ITAT Restricts Bogus Purchase Addition to 5% GP; Deletes Protective Rebate & Discount Disallowance:

Search-based 153A assessments partly sustained; protective addition held invalid in absence of substantive assessment
ITAT Restricts Bogus Purchase Addition to 5% GP

ITAT Restricts Bogus Purchase Addition to 5% GP; Deletes Protective Rebate & Discount Disallowance
A search conducted on 06.05.2014 in the Jaswant Group covered Jagatjit Industries Ltd., leading to assessments under Section 153A read with Section 143(3) for AYs 2011-12 to 2013-14. For AYs 2011–12 and 2012-13, the Assessing Officer treated purchases of Rs. 65.71 lakh and Rs. 41.30 lakh as bogus, relying mainly on the statement of an alleged accommodation entry provider and the absence of supplier infrastructure.
Before the CIT(A), the assessee relied on cross-examination, banking payments, confirmations and consistent GP ratios. The additions were deleted. Separately, rebate and discount claims were disallowed on a purely protective basis, with the Assessing Officer observing that substantive additions would be made in another person’s hands. The Revenue appealed before the Tribunal.
Main Issue: Whether deletion of bogus purchase additions was justified, and whether protective additions for rebate and discount could survive without a corresponding substantive addition.
ITAT's Decision: The Tribunal held that while the supplier’s statement created doubt, the Department had not disturbed sales or overall book results. The Tribunal directed estimation of additional gross profit at 5% of the disputed purchases, clarifying that the direction was case-specific. Revenue’s appeals for AYs 2011–12 and 2012–13 were partly allowed to this extent.
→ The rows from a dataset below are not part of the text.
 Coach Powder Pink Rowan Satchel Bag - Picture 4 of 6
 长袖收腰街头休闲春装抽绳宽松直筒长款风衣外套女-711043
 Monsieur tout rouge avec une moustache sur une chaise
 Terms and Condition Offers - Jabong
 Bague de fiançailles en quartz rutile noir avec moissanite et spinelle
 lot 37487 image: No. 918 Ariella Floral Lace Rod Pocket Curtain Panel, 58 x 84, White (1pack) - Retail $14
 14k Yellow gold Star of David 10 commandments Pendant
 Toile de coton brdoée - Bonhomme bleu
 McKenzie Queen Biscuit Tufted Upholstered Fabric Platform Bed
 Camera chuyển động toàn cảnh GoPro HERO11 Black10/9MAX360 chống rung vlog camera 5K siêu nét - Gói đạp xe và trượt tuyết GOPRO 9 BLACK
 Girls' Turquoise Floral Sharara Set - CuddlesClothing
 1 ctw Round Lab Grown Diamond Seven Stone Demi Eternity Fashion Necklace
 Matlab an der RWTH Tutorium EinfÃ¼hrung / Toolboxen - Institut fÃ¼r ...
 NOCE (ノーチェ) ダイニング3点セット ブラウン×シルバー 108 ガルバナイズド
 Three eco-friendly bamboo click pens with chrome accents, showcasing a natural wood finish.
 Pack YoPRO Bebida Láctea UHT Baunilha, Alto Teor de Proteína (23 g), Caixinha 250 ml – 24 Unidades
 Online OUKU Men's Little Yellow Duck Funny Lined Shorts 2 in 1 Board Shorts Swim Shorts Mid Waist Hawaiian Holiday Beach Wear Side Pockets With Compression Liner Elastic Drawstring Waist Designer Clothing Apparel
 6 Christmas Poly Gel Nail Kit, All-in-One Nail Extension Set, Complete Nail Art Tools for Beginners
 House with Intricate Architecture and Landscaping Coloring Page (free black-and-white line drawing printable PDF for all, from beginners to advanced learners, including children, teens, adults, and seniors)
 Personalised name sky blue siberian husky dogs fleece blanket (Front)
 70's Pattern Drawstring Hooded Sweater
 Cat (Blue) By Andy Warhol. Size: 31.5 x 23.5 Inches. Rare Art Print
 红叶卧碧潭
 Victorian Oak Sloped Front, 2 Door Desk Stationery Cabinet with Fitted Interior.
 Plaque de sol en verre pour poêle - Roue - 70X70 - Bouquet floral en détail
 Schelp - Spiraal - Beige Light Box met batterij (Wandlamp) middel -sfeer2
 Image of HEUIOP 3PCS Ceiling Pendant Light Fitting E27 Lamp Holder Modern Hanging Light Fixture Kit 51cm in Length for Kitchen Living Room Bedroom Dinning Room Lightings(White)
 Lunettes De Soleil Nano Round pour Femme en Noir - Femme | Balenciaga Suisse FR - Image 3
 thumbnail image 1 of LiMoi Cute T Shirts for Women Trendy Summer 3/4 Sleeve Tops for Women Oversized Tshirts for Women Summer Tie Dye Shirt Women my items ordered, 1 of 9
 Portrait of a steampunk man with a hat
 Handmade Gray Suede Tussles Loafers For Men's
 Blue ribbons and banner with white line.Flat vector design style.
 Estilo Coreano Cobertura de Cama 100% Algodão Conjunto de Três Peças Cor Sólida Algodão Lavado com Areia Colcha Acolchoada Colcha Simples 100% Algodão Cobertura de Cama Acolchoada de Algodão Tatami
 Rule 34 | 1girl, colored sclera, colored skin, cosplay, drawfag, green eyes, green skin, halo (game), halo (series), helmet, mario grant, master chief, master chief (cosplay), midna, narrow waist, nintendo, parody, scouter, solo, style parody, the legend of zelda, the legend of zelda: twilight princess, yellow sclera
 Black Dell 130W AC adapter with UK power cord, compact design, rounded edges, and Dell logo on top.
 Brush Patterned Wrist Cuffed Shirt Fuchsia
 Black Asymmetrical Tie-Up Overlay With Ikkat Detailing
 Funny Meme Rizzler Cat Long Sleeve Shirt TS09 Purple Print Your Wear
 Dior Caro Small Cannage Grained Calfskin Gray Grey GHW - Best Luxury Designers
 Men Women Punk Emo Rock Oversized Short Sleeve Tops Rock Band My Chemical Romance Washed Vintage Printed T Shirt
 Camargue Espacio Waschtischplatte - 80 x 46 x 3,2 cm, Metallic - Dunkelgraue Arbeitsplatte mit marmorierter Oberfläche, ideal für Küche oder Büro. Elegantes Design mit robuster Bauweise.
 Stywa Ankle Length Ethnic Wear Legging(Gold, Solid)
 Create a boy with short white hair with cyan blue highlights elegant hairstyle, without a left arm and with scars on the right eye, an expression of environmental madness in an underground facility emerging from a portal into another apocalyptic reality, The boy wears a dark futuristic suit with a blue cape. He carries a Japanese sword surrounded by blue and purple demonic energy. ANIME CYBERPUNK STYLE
The Tribunal held that a protective addition cannot stand independently without a substantive addition in another person’s case. Relying on judicial principles including Suresh K. Jajoo v. ACIT, the Tribunal deleted the protective additions in full. Therefore, Revenue’s appeal for AY 2013-14 was dismissed and the assessee’s cross-objections were allowed.